WHEN YOU’RE IN, YOU’RE IN

In Uncategorized on 01/26/2015 at 17:34

The sixty-buck-ticket-to-justice, if invoked, can lead the invokers down paths not dreamt of when they mailed in the petition for redetermination of deficiency.

Maybe you don’t owe Our Nation’s Treasury at close of play, but if you think Mr. Lew and his coadjutors owe you, you can’t just walk away from 400 Second Street, NW.

Case in point, Neal G. Brower & Deborah A. Brower, Docket No. 22260-14, filed 1/26/15.

Neal & Deb filed the petition all right, but now move to dismiss, attaching a “no change” letter from IRS.

Now maybe their motion should be recharacterized as a motion for entry of decision, because dismissing a petition for redetermination of deficiency, where Tax Court has jurisdiction, means entering decision for everything IRS claimed in the SNOD.

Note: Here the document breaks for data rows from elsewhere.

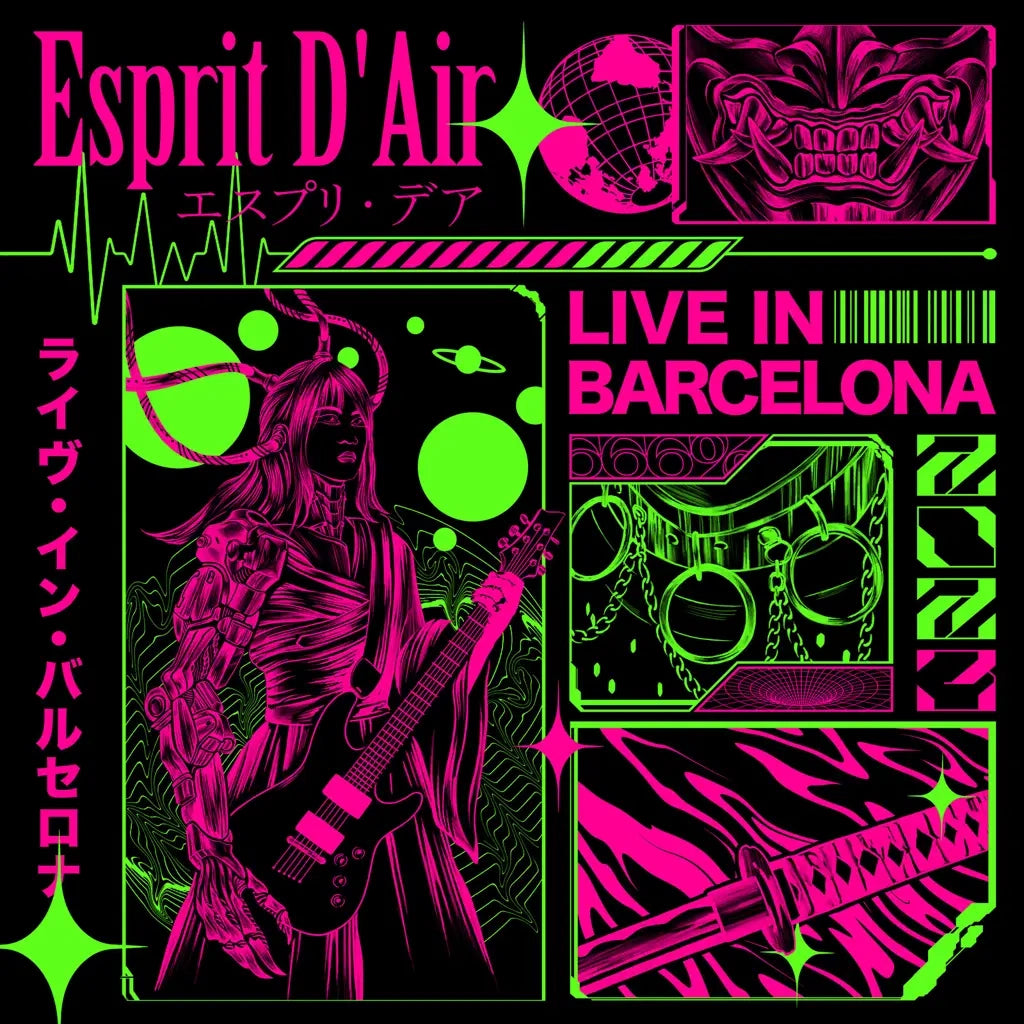 Live in Barcelona Digipak CD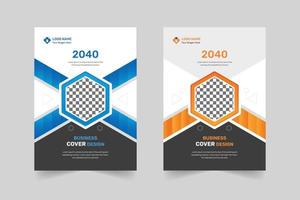 Abstract Technology Report Cover Design Template for Book, Flyer, Brochure, Poster, Annual Report, Company Profile, Catalog in Vector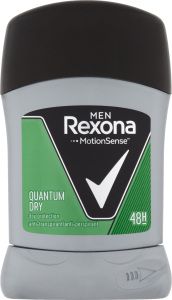 Rexona Men tuhý antiperspirant Quantum Dry, 50 ml
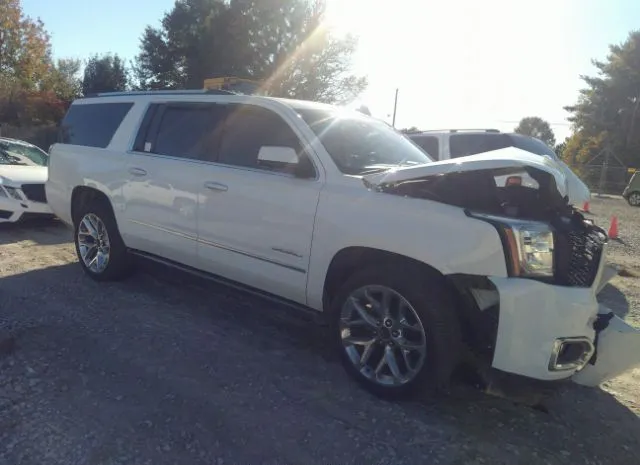 Gmc Yukon xl (2018)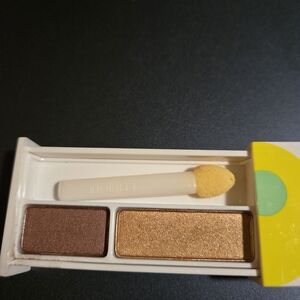 NEW Clinique Eyeshadow Duo - Bronze and Gold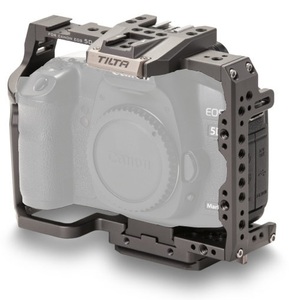 <span class=keywords><strong>Cage</strong></span> complète pour appareil photo TA-T47-FCC pour Canon <span class=keywords><strong>5D</strong></span>/7D Series, minimise l'usure et prend en charge les accessoires (sans appareil photo), équipement de caméra - Product Image 2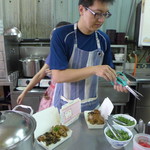 阿賜猪脚飯 - 作りたて便當。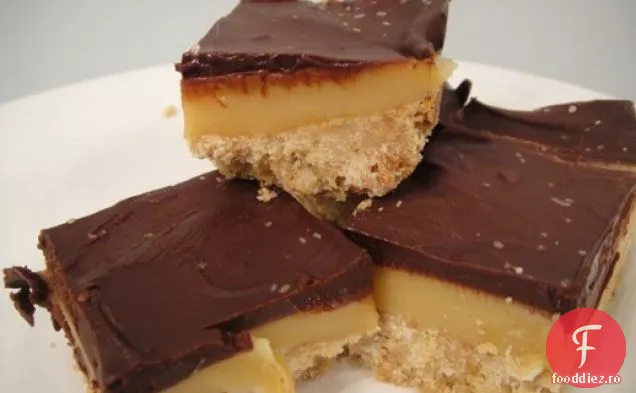 Gatiti cartea: Caramel sarat si felie de nuc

And Ch J Michael B. (“Iron Mike”) Thornton is a master recharacterizer. Not a Tax Court working day goes by without Ch J Iron Mike spinning straw into gold–or whatever.

But IRS is not happy. It seems Neal & Deb submitted an amended return, claiming they’re owed money, and IRS wants to duke it out here and now.

Ch J Iron Mike, exponent of judicial economy, agrees.

Motion to dismiss denied, and “…petitioner shall file an Amendment To Petition setting forth, if so be the case, their claim for overpayment….” Order, at p. 1.

Takeaway– When you petition, more than you think is on the table.